While the perception of Elon Musk’s X project has shifted since the U.S. election, in which Musk helped Donald Trump regain the presidency, the company’s financials still don’t look great, and could still pose an existential risk for the platform, if it can’t win more advertisers back.
And reportedly, X is now taking extreme measures to do exactly, that, which even extends to threatening some former ad partners with legal action if they don’t resume spending.
And with Elon also now holding sway within the U.S. government, the fears of potential retribution are very real, and could help to get X’s financials back on the right track this year.
Right now, however, X is still in a tough spot.
According to the latest financial performance data that X recently shared with potential investors, X brought in $2.6 billion in total net revenue last year, which is significantly down on the $5.1 billion that Twitter generated in its last full year before Elon bought out the company (2021).
But X has also cut costs, by culling 80% of staff, and shutting down facilities, including several international offices.

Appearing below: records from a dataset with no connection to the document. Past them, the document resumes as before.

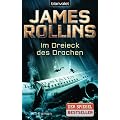 Im Dreieck des Drachen: Roman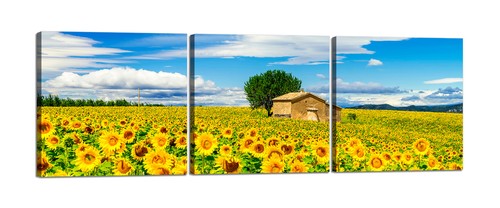 Campo girasoli quadri su - campo,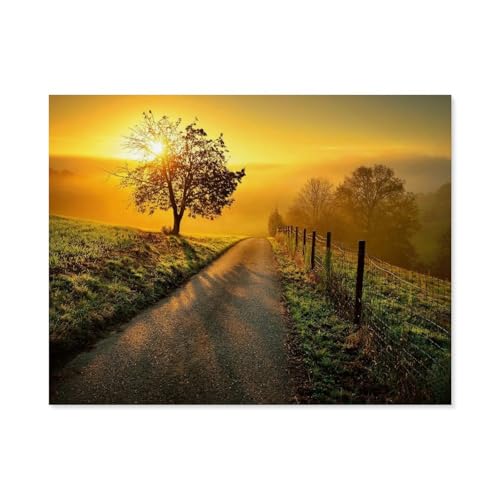 GSBRSNTS Landschaft in Morgensonne，Malen Nach Zahlen-Ölgemälde Geschenk Für Erwachsene Kinder Malen Nach Zahlen Kits Home Haus Dekor(50x60cm-A37 von GSBRSNTS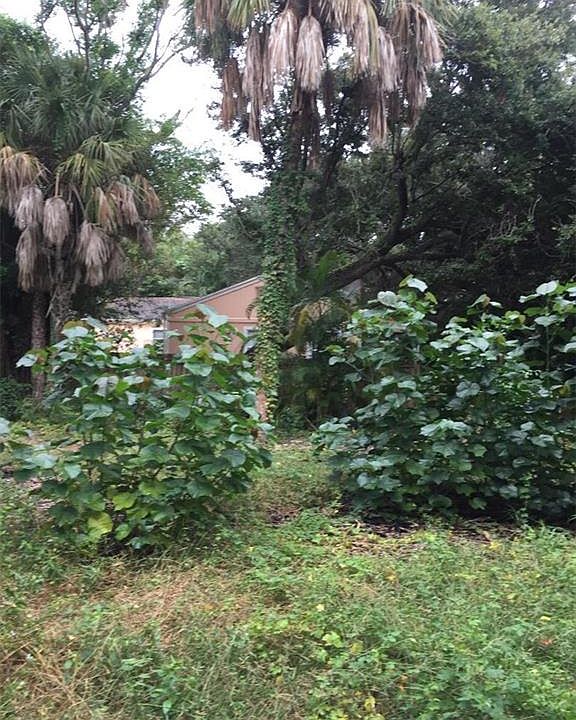 2nd image of 1980 W Sand Dollar Ln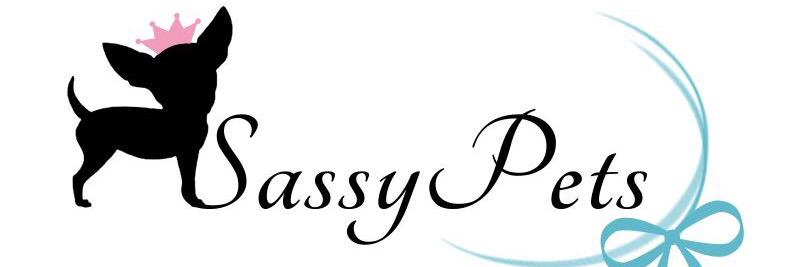 Twitter banner for @PetSassy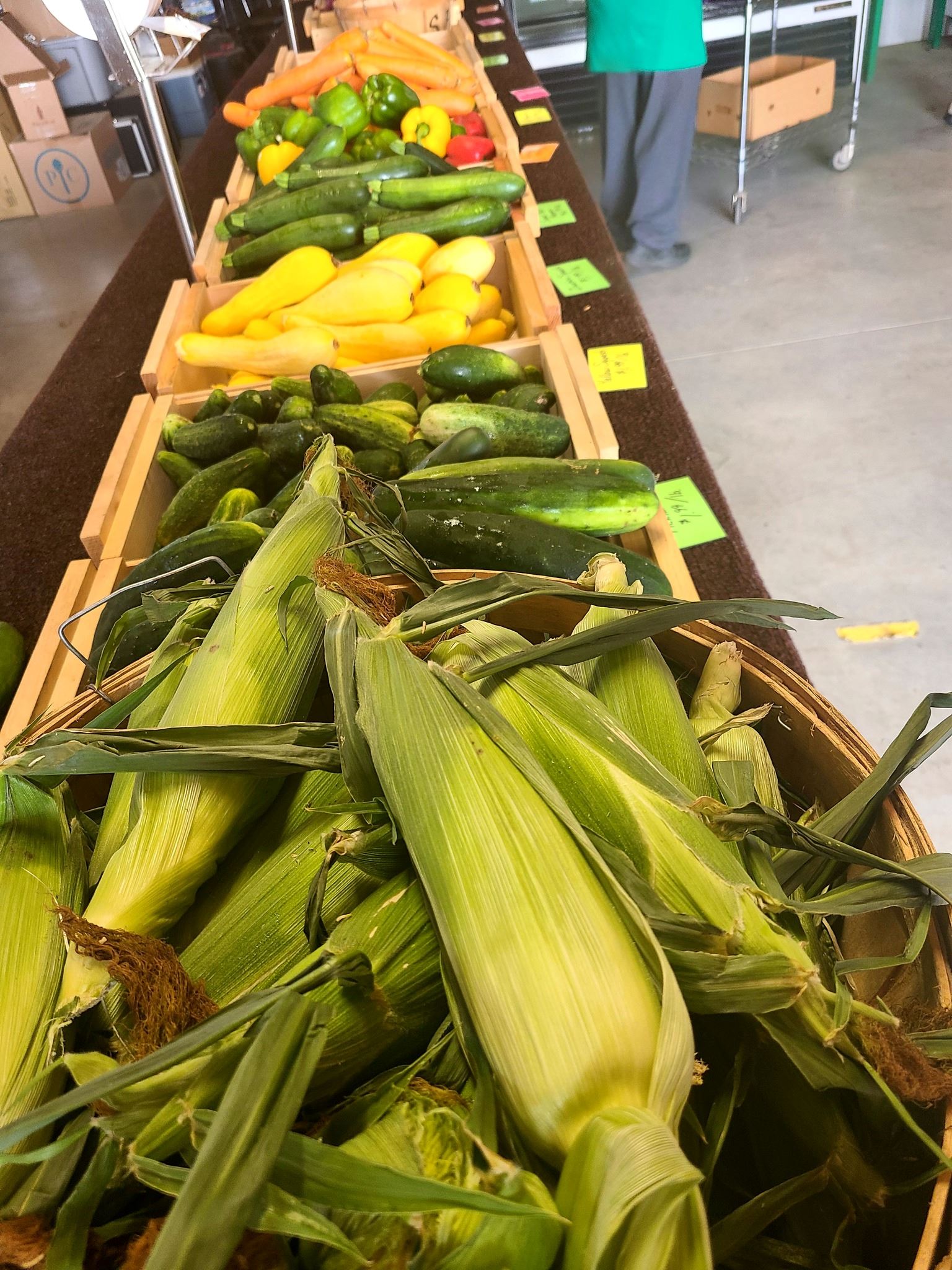 Saja Farm (ECONOMIC DEVELOPMENT PHOTO)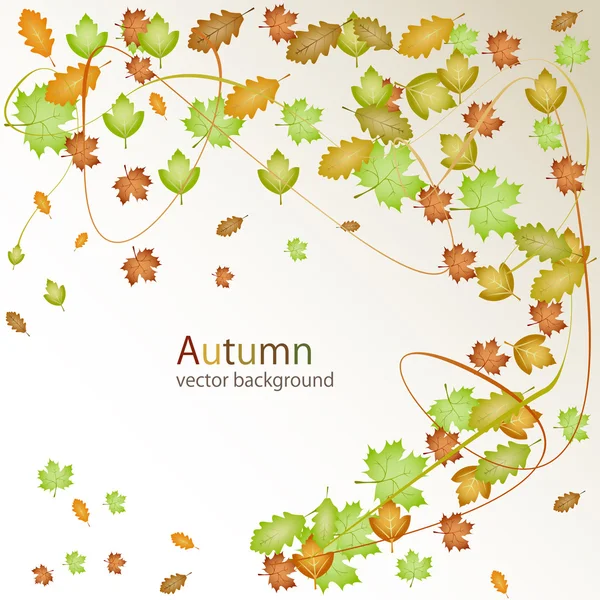 sonbahar vektör arka plan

Yet even so, when combined with X’s existing debt burden, the company remains close to the edge.
As part of his takeover of the company, Musk borrowed a significant amount from various banks, which has loaded X with debt burden of around $1.2 billion in interest payments per year.
That leaves little room to move, and recent reports suggest that Elon informed staff last month that the company is barely breaking even.
Bloomberg also notes that there are various discrepancies in X’s most recent financials, which also raise concern:
“The 2024 figures weren’t audited, but the 2023 figures were [and] none of them would qualify for generally accepted accounting principles, also known as the GAAP standard that the US Securities and Exchange Commission requires for publicly traded companies.”
So while X is reporting that its revenue performance was relatively stable in 2024, the actual reporting of those numbers questionable, and these figures would not be acceptable from any publicly listed company.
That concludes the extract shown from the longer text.